GIVEN MATERIAL:

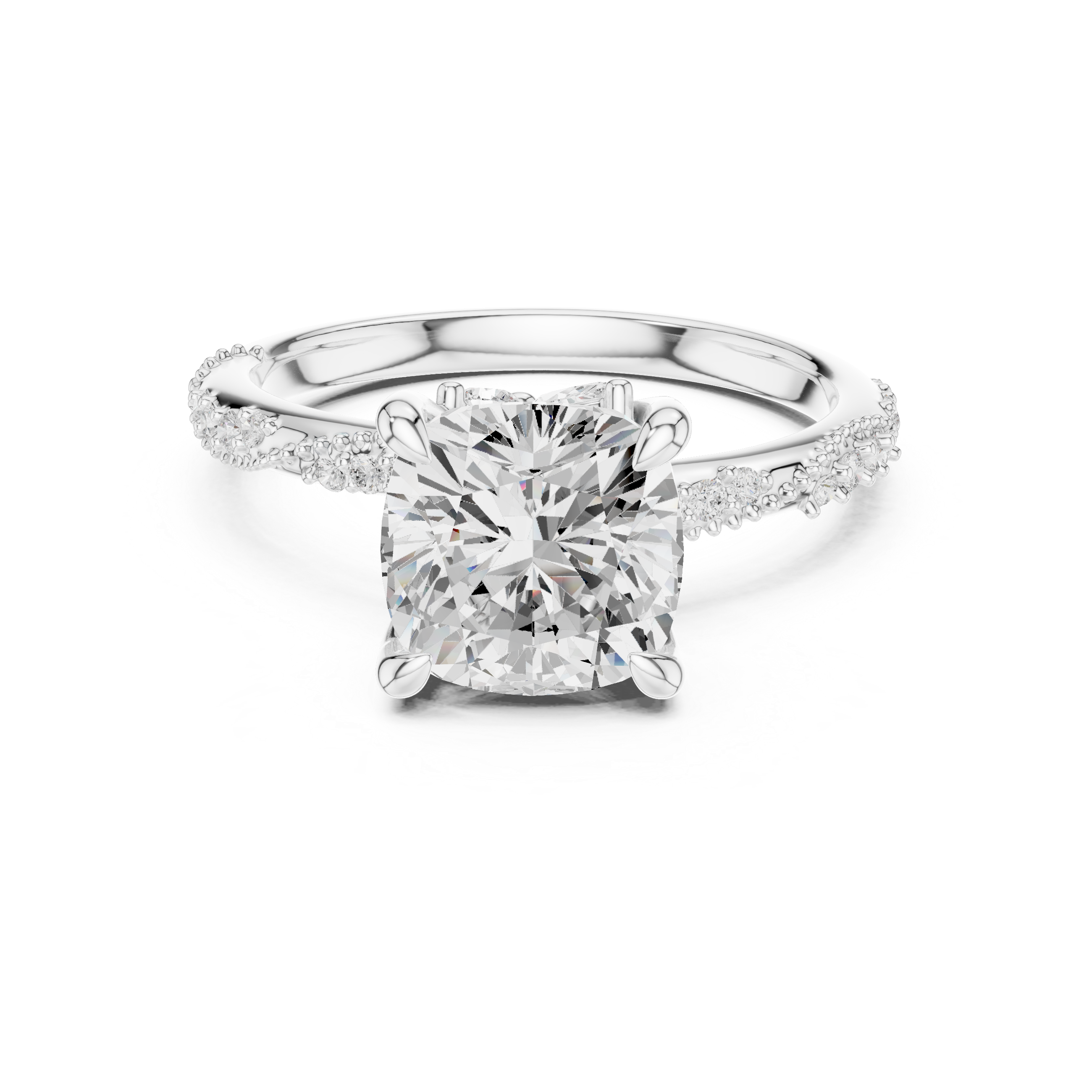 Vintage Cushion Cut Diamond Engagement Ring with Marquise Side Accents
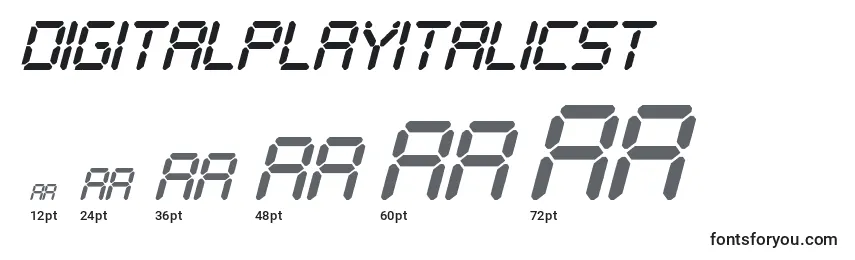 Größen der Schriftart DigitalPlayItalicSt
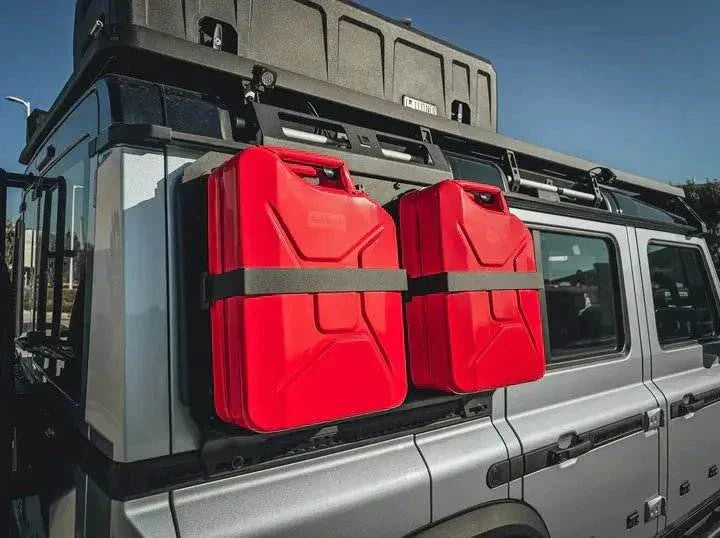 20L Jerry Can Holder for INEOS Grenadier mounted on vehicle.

WHAT THE EXERCISE ASKS: Transcribe the full listing above exactly, with the images removed.

TASK SOLUTION:
 Vintage Cushion Cut Diamond Engagement Ring with Marquise Side Accents
 Größen der Schriftart DigitalPlayItalicSt
 20L Jerry Can Holder for INEOS Grenadier mounted on vehicle.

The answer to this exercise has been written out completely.